Mais les catholiques ont des sentiments mitigés au sujet de toutes ces acclamations à leur nouveau pape. Peggy Noonan a mis le doigt sur le point clé dans le Wall Street Journal, hier , en suggérant que Time devait choisir François parce qu'il est différent «d'une manière que les rédacteurs et les reporters de Time trouvent sympathique».

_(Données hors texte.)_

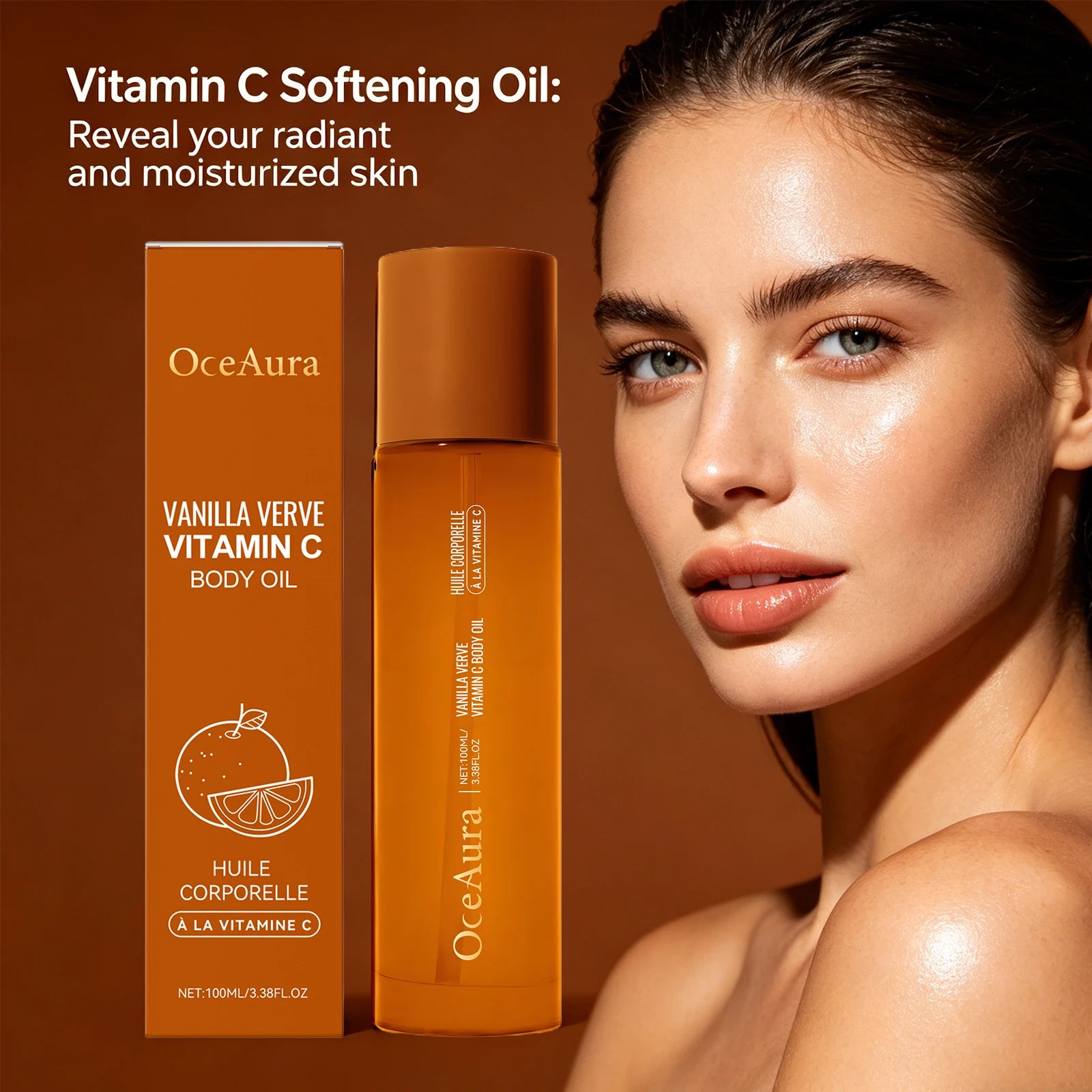 Vitamin C Body Oil Hydrating Antioxidant Massage Oil - 2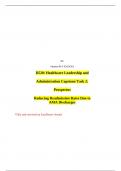 WGU D520&colon; Healthcare Leadership and Administration Capstone Task 2&vert; Prospectus Reducing Readmission Rates Due to AMA Discharges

On a dit que, dans leur texte de présentation des nominés, Time annonçait [initialement] que «le premier Pontife jésuite a gagné les cœurs et les esprits avec sa touche "commune" et son rejet du dogme de l'Eglise».
Bien entendu, le pape François n'a nullement rejeté le dogme de l'Eglise. Les rédacteurs de Time n'ont pas tardé à se corriger, mais leur erreur a révélé une fois de plus le préjugé libéral contre le catholicisme: les catholiques ne sont bons que s'ils sont considérés comme en rebellion contre leur Église. Cette attitude met clairement les catholiques mal à l'aise. Ce ne peut être qu'une question de temps avant que les journalistes qui aujourd'hui encensent François se retournent contre lui. Ils diront qu'il les a déçus, quand il ne défendra pas tous les droits des gays, les préservatifs, et les femmes papes.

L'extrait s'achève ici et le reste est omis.